However, the entry of big corporations in agriculture happened well before a more corporate-friendly Modi government came in power, Subramaniam Kannaiyan, General Secretary of South Indian Coordination Committee of Farmers Movements (SICCFM), tells IPS.

“In 2011, the then Congress Government had allowed 100 percent foreign investment in several sectors of agriculture, so the corporates have been there for a long time already. In fact, since we joined World Trade Organisation (WTO), opening up of the markets has become inevitable. However, there should be a balance and ways to support and protect the local, small farmers and for that the APMC should play a stronger role, not be done away with,” says Kannaiyan, who is also a member of the global small farmers movement La Via Campesina.

No takers for a 3rd party role

On Jan. 12, the Supreme Court of India formed  a 4-member committee to hold talks between the government and the farmers to resolve the protests over the farm laws. But the farmers were quick to reject the committee and refused to be part of it.
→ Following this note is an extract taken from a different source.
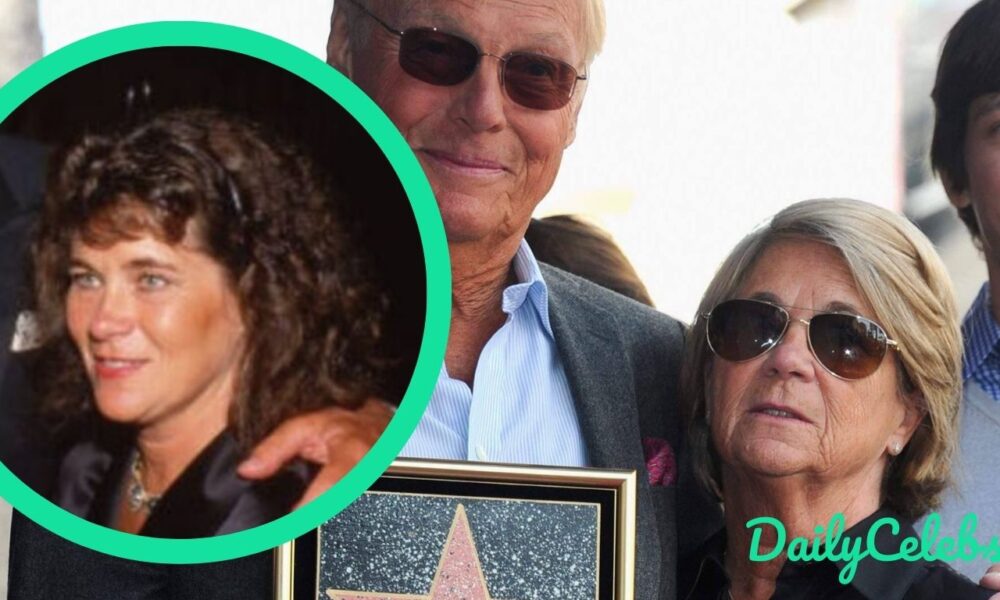 Marcelle Tagand Lear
“When there is a dialogue underway between the government and the protesting farmers, there is absolutely no need for the Supreme Court to take on a mediatory role given that neither the government nor the union leaders have approached the Supreme Court and said, ‘please resolve this,” says Kuruganti, who is also a member of the 41-member farmers delegation that has been holding the talks with the government.
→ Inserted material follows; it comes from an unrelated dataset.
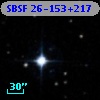 SBSF 26-153+217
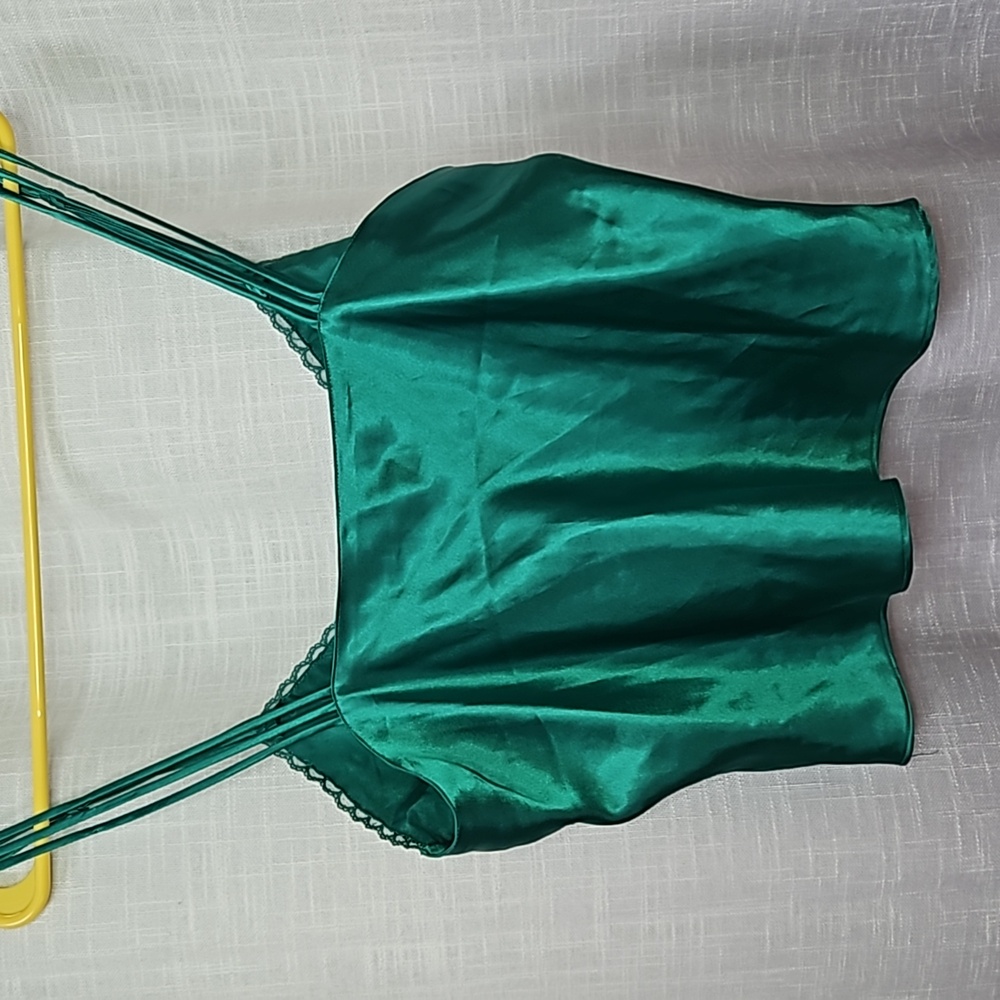 VINTAGE VS TOP - Picture 5 of 8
So far, there have been 11 rounds of dialogues which centre around not just ‘techno-legal’ issues but also on policy directions and policy implications — “areas where the Supreme Court has no role to play,” Kuruganti says, explaining why the farmers do not see any merit in joining the review committee.

“The problem today is, except for Punjab and Haryana, there is no large farmers union anywhere else in this country,” says Kannaiyan of SICCFM.

“This is why a movement of this magnitude can be led only by farmers from those states. But we stand by them strongly in solidarity.”

Digging their heels deeper

Yesterday, Jan. 26, India celebrated its Republic Day – the day the country’s constitution came into effect. The celebration usually includes a token display of the country’s military might by parading its nation’s defence weaponry.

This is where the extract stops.